質疑応答では、伊藤氏が論じた文化変容は、果たしてアメリカ同時多発テロ事件によってもたらされたものなのか、という点に大きな関心が集まりました。文化変容と考えられているものは、9・11以前から既に兆しがあったのではないか。アメリカ文化は9・11の前後において、根本的なところでは何も変わっていないのではないかという意見が挙がりました。また、恐怖を作りあげて、他者を排除することは、遡ると17世紀のセイラムの魔女狩りから行なわれているもので、「恐怖の文化」は、一連のテロ事件が生み出したものではなく、アメリカの歴史において脈々と続いているものではないかとの指摘もありました。
個人的な意見としては、文化変容とは、ある文化の固有性が揺すぶられることであると定義をすると、伊藤氏の発表では、テロ事件の前後で何がどのように変化したのか、具体的に説明する必要があるように思われました。テロ事件によって現われた、アメリカ市民のナーバスな感情だけでは、文化の変容を十分に証明することができません。また、2001年に起きたテロ事件からおよそ6年が経過していますので、現在のアメリカ市民の心的状況も説明されると、より深みが増すのではないかと思います。
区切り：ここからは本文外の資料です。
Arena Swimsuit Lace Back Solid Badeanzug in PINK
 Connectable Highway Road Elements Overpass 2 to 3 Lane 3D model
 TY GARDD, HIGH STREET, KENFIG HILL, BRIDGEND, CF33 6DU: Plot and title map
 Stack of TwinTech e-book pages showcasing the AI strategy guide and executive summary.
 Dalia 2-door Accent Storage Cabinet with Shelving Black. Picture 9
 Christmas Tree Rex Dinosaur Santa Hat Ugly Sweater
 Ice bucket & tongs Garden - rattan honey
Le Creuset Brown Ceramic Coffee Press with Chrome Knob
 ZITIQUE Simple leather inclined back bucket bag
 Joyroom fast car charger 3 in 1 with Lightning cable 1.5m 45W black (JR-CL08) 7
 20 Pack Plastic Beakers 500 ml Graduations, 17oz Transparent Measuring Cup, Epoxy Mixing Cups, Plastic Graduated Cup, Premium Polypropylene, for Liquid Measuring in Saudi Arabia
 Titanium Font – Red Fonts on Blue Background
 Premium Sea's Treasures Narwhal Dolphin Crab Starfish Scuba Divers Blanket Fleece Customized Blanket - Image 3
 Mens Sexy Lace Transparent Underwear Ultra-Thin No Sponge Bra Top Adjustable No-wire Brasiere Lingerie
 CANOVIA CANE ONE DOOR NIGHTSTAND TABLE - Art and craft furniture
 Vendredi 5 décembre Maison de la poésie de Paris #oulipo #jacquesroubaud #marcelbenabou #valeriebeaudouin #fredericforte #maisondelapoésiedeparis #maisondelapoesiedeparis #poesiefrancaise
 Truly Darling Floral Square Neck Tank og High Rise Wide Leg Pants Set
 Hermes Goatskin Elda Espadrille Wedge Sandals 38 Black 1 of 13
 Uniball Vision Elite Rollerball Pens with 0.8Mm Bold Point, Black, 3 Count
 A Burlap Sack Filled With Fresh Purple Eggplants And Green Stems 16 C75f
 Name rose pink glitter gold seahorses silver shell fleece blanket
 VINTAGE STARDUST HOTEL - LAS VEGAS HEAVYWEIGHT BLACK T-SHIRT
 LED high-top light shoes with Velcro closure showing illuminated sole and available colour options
今回の研究から得られた新知見を、どうすればより説得力をもって証明することができるか、多くの意見の開陳があり、さらに論旨のまとめ方にいたるまで、若い初学者にとっても非常に有益なものでした。伊藤氏の発表は、メディア論から映像文化論まで幅広く横断する、大変に意欲的なもので、今回の成果を基に、さらに高いものへと繋げてゆかれることを期待したいと思います。